#finiscequi: un hashtag evocativo che richiama un impegno. Quello di rifiutare d’ora in poi ogni affermazione lesiva basata su genere, etnia, orientamento sessuale, disabilità, età, religione o altri fattori identitari. Si ispira a questo principio la campagna di comunicazione che l’Università di Trento ha lanciato all’interno delle proprie sedi accademiche e sui social istituzionali in occasione della Giornata internazionale della donna. Aule, sale lettura, laboratori e spazi comuni sono state allestite con manifesti in cui sono riportate frasi comuni, che ad una prima lettura appaiono neutre e inoffensive, ma che contestualizzate e specificate svelano discriminazioni, esclusioni, molestie. Frasi che possono causare disagio, escludere, discriminare, emarginare. Per sensibilizzare su questo tema l’ateneo ha ideato e stampato centinaia di locandine con una trentina di soggetti diversi, oltre a qualche migliaio di segnalibri, in distribuzione nelle varie sedi delle biblioteche universitarie. A questi materiali si aggiungono i volantini da appendere sulle bacheche con il talloncino da staccare per conservare il numero di telefono del servizio della Consigliera di fiducia di ateneo.

La campagna

“Ma su, fattela una risata, no? Era solo una battuta! Non si può proprio più dire niente! Sono frasi che spesso si pensano o si sentono dire ad alta voce. Prestare attenzione alle parole è un esercizio complesso, quotidiano, che richiede lo sforzo di mettersi nei panni della persona a cui quella “battuta” viene rivolta – si legge nella presentazione della campagna sul sito di ateneo alla pagina unitn.it/finiscequi – . Riflettere sulle frasi che pronunciamo, sui significati espliciti o impliciti che acquistano, è quindi una pratica indispensabile, il primo passo per costruire uno spazio di studio e lavoro inclusivo e aperto”.
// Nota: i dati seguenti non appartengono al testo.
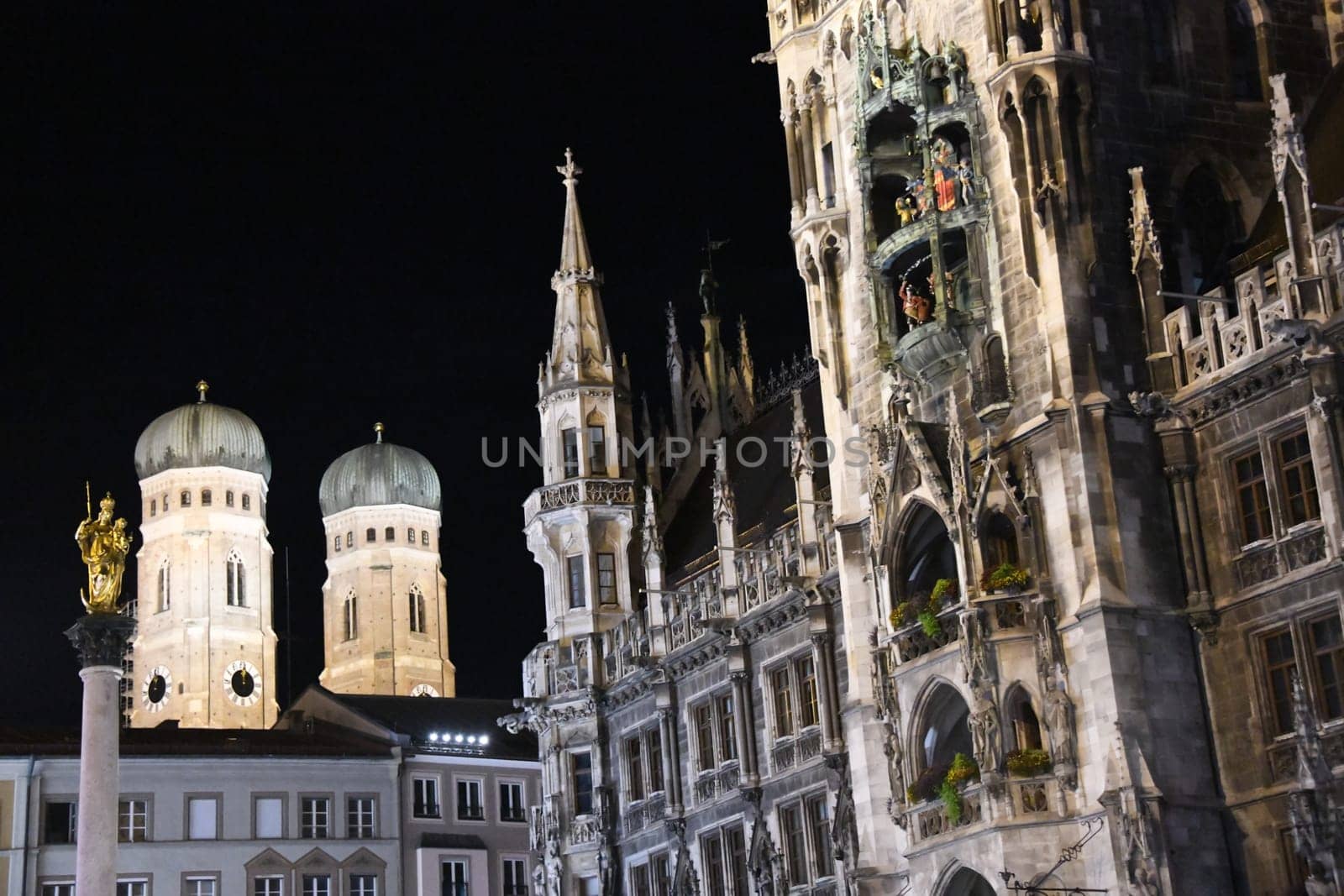 The new town hall with the Frauenkirche at Marienplatz and the Mariensäule in Munich,Bavaria,Germany and Europe. The historic buildings are landmarks of the state capital.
L’Università è una comunità, un’istituzione vocata alla formazione delle nuove generazioni, alla ricerca, alla conoscenza e al benessere lavorativo, un luogo in cui il contrasto ad ogni forma di discriminazione, il rispetto delle differenze e l’accoglienza devono trovare casa. Lo spiega la prorettrice per le politiche di equità e diversità, Barbara Poggio: “Negli ultimi anni l’Università ha lavorato in maniera significativa sul piano della parità di genere, ma anche del contrasto alla violenza e alle molestie. Ci è sembrato importante, oltre alle prese di posizione istituzionali, alle dimensioni più formali, sensibilizzare l’ateneo e il territorio. Abbiamo pensato che una campagna di informazione potesse essere una delle risposte possibili a questa esigenza. Con questa campagna vogliamo dare un segnale forte: l’ateneo cerca di evitare questo tipo di situazioni e invita la società tutta a porre attenzione all’uso del linguaggio”.

Svelare le discriminazioni

La campagna di sensibilizzazione è un modo per svelare le discriminazioni contenute nel linguaggio quotidiano, ma anche per informare la comunità studentesca e accademica sulla possibilità di rivolgersi alla consigliera di fiducia, una figura di supporto, interna all’ateneo, che svolge un ruolo di ascolto e mediazione, garantendo riservatezza e anonimato. “È una figura a cui possono rivolgersi le persone che studiano e lavorano in ateneo e che ritengano di aver subito situazioni di violenza, di molestie, di straining (stress forzato sul luogo di lavoro), di mobbing, di discriminazione. È importante che tutta la comunità accademica conosca questa opportunità. Per questo abbiamo pensato di predisporre dei volantini che vengono collocati nelle bacheche e che sono un elemento ulteriore di informazione”.